Write every record out again exactly, and keep images out of it.

▶ _Recorded data_
:::
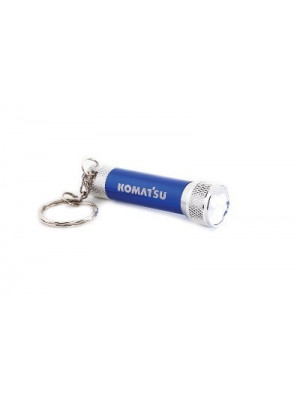 Battery Powered Keyring Torch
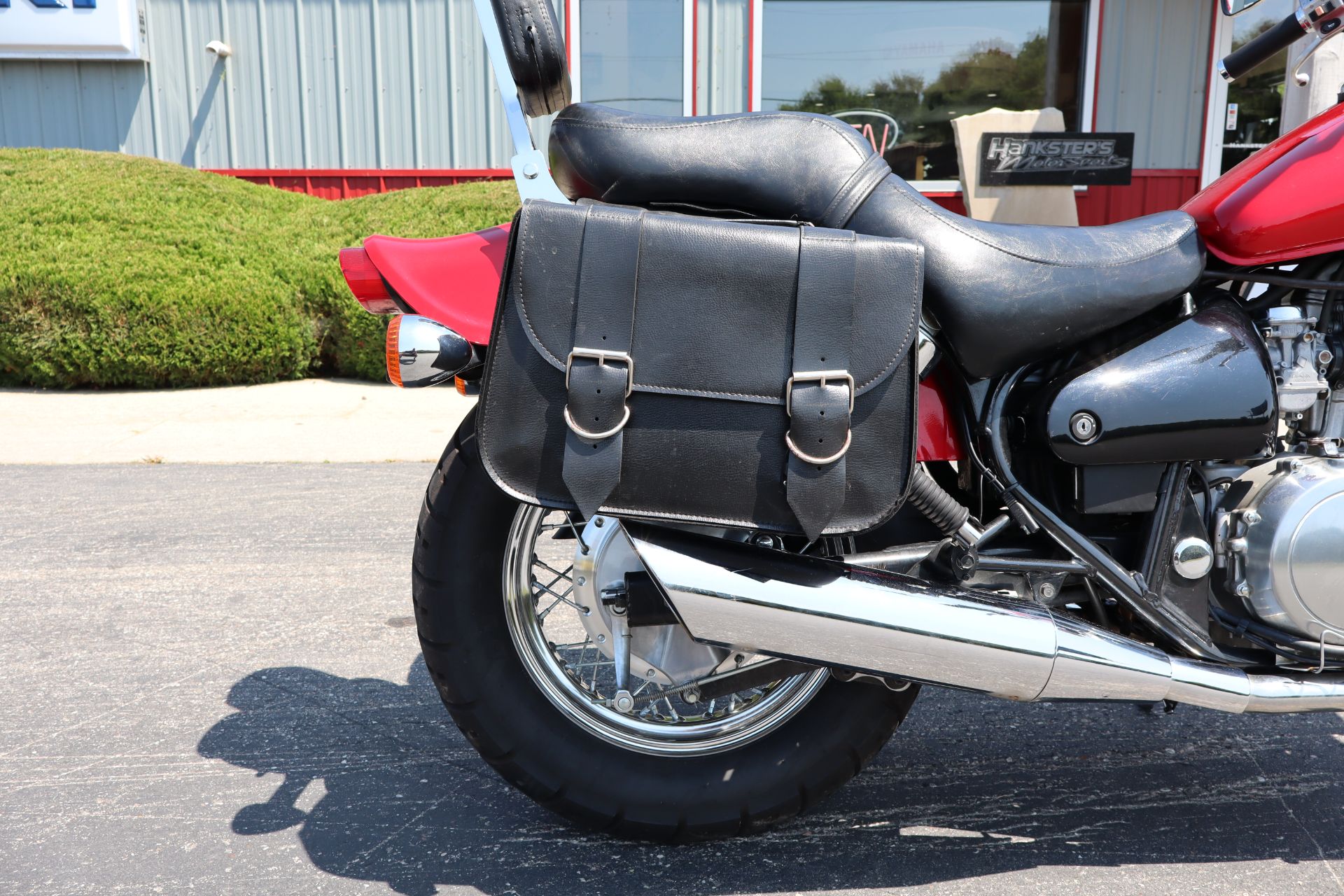 1998 Kawasaki Vulcan 500 in Janesville, Wisconsin - Photo 10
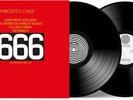 Aphrodite’s Child 666 The Apocalypse Of John (2 VINYL LP) Black [NEW]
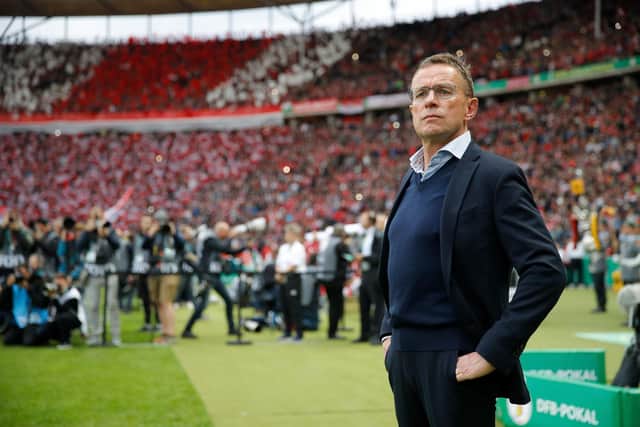 Ralph Rangnick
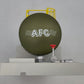 Lionel 37821-3 Green Advanced Fluid Co Smoke Fluid Loader Tank
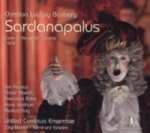 Sardanapalus, 3 Audio-CDs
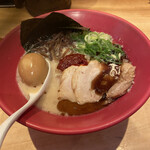 一風堂 なんば店的實拍圖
:::
▶ _Solution for this problem_
 Battery Powered Keyring Torch
 1998 Kawasaki Vulcan 500 in Janesville, Wisconsin - Photo 10
 Aphrodite’s Child 666 The Apocalypse Of John (2 VINYL LP) Black [NEW]
 Ralph Rangnick
 Lionel 37821-3 Green Advanced Fluid Co Smoke Fluid Loader Tank
 Sardanapalus, 3 Audio-CDs
 一風堂 なんば店的實拍圖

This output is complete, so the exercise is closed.